Lemmas about subtraction in unbundled canonically ordered monoids

theorem AddHom.le_map_tsub {α : Type u_1} {β : Type u_2} [Preorder α] [Add α] [Sub α] [OrderedSub α] [Preorder β] [Add β] [Sub β] [OrderedSub β] (f : AddHom α β) (hf : Monotone (DFunLike.coe f)) (a b : α) : LE.le (HSub.hSub (DFunLike.coe f a) (DFunLike.coe f b)) (DFunLike.coe f (HSub.hSub a b))

theorem le_mul_tsub {R : Type u_3} [Distrib R] [Preorder R] [Sub R] [OrderedSub R] [MulLeftMono R] {a b c : R} : LE.le (HSub.hSub (HMul.hMul a b) (HMul.hMul a c)) (HMul.hMul a (HSub.hSub b c))

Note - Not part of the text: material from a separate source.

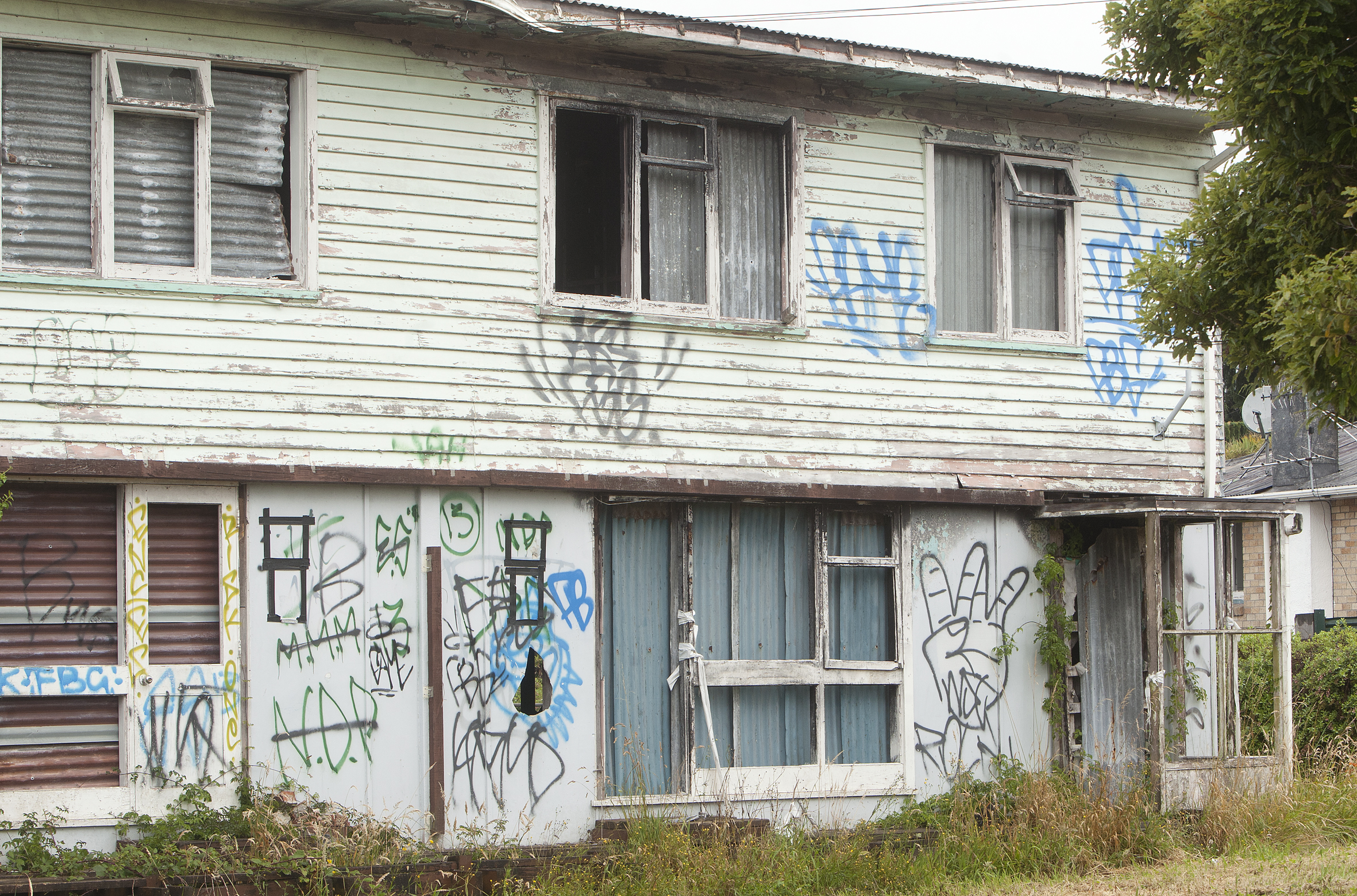 This Bellingham Cres property owned by Stephen Bhana was ruled dangerous and unsanitary and has since been demolished by the Rotorua Lakes Council. Photo / Ben Fraser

theorem le_tsub_mul {R : Type u_3} [CommSemiring R] [Preorder R] [Sub R] [OrderedSub R] [MulLeftMono R] {a b c : R} : LE.le (HSub.hSub (HMul.hMul a c) (HMul.hMul b c)) (HMul.hMul (HSub.hSub a b) c)

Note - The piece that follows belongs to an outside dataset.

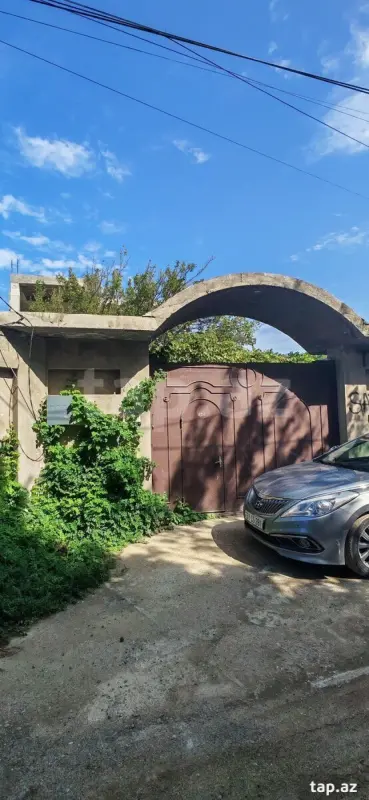 Satılır 10 otaqlı həyət evi 620 m²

theorem OrderIso.map_tsub {M : Type u_3} {N : Type u_4} [Preorder M] [Add M] [Sub M] [OrderedSub M] [PartialOrder N] [Add N] [Sub N] [OrderedSub N] (e : OrderIso M N) (h_add : ∀ (a b : M), Eq (DFunLike.coe e (HAdd.hAdd a b)) (HAdd.hAdd (DFunLike.coe e a) (DFunLike.coe e b))) (a b : M) : Eq (DFunLike.coe e (HSub.hSub a b)) (HSub.hSub (DFunLike.coe e a) (DFunLike.coe e b))

An order isomorphism between types with ordered subtraction preserves subtraction provided that it preserves addition.

Preorder

theorem AddMonoidHom.le_map_tsub {α : Type u_1} {β : Type u_2} [Preorder α] [AddCommMonoid α] [Sub α] [OrderedSub α] [Preorder β] [AddCommMonoid β] [Sub β] [OrderedSub β] (f : AddMonoidHom α β) (hf : Monotone (DFunLike.coe f)) (a b : α) : LE.le (HSub.hSub (DFunLike.coe f a) (DFunLike.coe f b)) (DFunLike.coe f (HSub.hSub a b))